A while ago, on the topic of whether various interactions constitute transactions, @decentralion said:
This is an astute point, and I’d like to refine it a bit. Let’s move up a level. A definition is useful if you can reason about generic instances of the term and apply that reasoning to specific instances. An instance of the definition is useful if the high-level reasoning transfers faithfully and provides insight.
For instance, the above definition of compiler is useful because we can make the general statement that “compilers compose”: if you have a correct compiler from A to B and a correct compiler from B to C, then you also have a correct compiler from A to C, and you know exactly what it does. The classifications of, say, obfuscators and optimizers as compilers are both useful because we now know what happens if you take a program, run it through an optimizer, and then run that through an obfuscator: you have a semantically equivalent program that likely runs faster and is harder to read, because compilers compose.
Personally, I derive great value from this broad definition of compiler. When I want to write a compiler, I know how to structure its internals, how to test its correctness, what it even means for it to be correct, how it should interface with outside systems.

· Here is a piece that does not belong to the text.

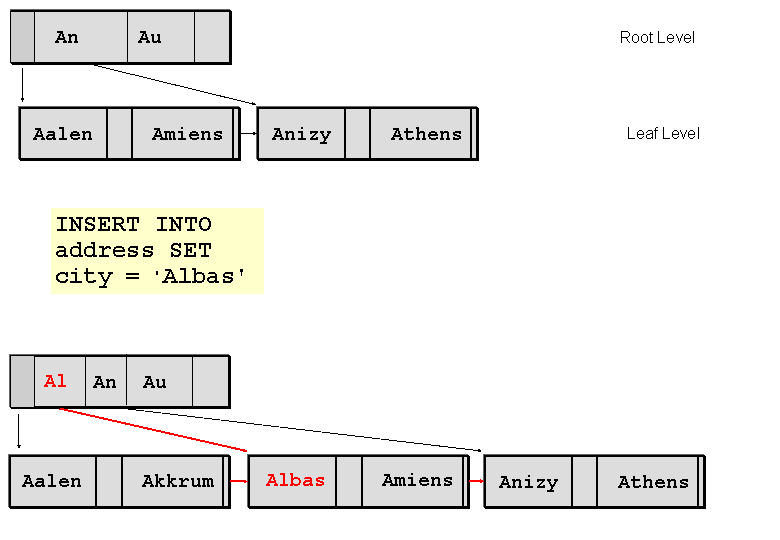 This graphic is explained in the accompanying text.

In fact, I find this conceptual framing so useful that whenever I’m working, I’m generally running a low-priority background thread called “find the compiler”, in which I try to identify how the problem that I’m trying to solve can be expressed in this framework, after which it becomes basically a “known problem” whose solution I just have to implement.
So: Is SourceCred an incentive compiler? That depends. What language is it compiling from, and what’s it compiling to? What semantics is it preserving, and what non-semantic transformations is it making, if any? And how does this help us reason about what it is or should be?
Some references for further reading:
- Rich Programmer Food (Steve Yegge, 2007); although I don’t with everything in this post, it has some valuable insights
- A recent Stack Overflow post (Jörg W Mittag, 2017) that summed up some of my thoughts quite well
- The Galois connection between syntax and semantics (Peter Smith, 2010), an introductory formal treatment of some related concepts (h/t Chas Leichner for the reference)
(Exercise for the interested reader: In the context of programming, what are “compiled languages” and “interpreted languages”?)
I love taking metaphors until they break
I was definitely thinking of it in the most common definition of the word, which is as an assembler. I.e. taking a high-level desired behavior and ‘compiling’ that into more granular, lower-level incentives that aim to generate, in aggregate, the desired low-level behavior. For the core algo, which actually generates scores that are usually meaningful enough to be actionable (though typically only within a single repo/Discourse instance, as activity is different in nature across repos), it’s a bit fuzzy. Because the semantics are fuzzy. We’re looking at what’s been valued in the past and saying, “More of that please…”. It remains to be seen if we’ll actually get more of that in the wild, but let’s say for the sake of argument that it works well enough. This seems more like AI almost, which learns a model by being fed “successful” data. It “compiles” code much the same way it can generate target images using other images.
I suppose one can also say that new Issues, PRs, etc. are a more specific set of semantics guiding behavior. In this case the language is English (or other spoken language). But also, in my experience in OSS, the language of doing. It is concrete actions, guided by Issues, etc., or self created but still valuable contributinos, that generates s, PR reviews, and other actions that confer meaningful cred, driving the incentives.
When Initiatives come online, they will act more like high-level programming languages. Giving more specific semantics (desired behaviors).
These seem kinda the same, as both compile high-level languages to low-level languages. One just does it ahead of time in a more optimal manner, and the other does it on the fly. Maybe Initiatives are more like compiled languages, and the base SC algorithm is like a run-time compiler, the other “developers” entering “commands” in the form of Issues, comments, likes, etc.